Exceptions to Welsh orthographical transparency would be:
* the letter 'Y' can have one of two sounds: 'ee' or 'uh'. There are clear rules as to which to use. (In Turkish, this difference is indicated by the lack of a dot over the 'i' for the dark ('uh') sound. The clear sound uses the familiar 'i' with a dot).
* vowels can be either long or short, so an 'i' can either be short as 'i' in 'pig' or long like the 'ee' in 'seed'. Where there is any doubt, a circumflex can be put over the vowel to indicate that it is long, such as the 'w' in 'dŵr'.

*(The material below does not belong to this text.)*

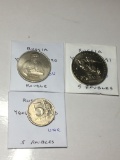 Russia 1998 Cn 5 Roubles Unc, 1990 Rouble Bu, 1991 5 Roubles Bu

Otherwise, you pretty much pronounce Welsh words as you see them. You need to know the rules, though. The Welsh alphabet has a number of digraphs (ch, dd, ff, ng, ll, ph, rh, th) that figure in the alphabet as single letters and are sorted as single letters in dictionaries and indices for example.
Other languages use letters that in English are consonants to indicate vowels or semi-vowels. An 'r' in Czech, for example, can be a vowel as in 'Brno'. The same applies to the Czech 'l' as in 'Vltava'.
English is unusual in that its orthography makes pretty much no sense at all unless you're a specialist in language history. So applying English orthographical conventions to other languages often says more about English than it does about the language being commented upon.
I notice that somebody else has already commented on the use of spaces between words, so I'll not repeat it here.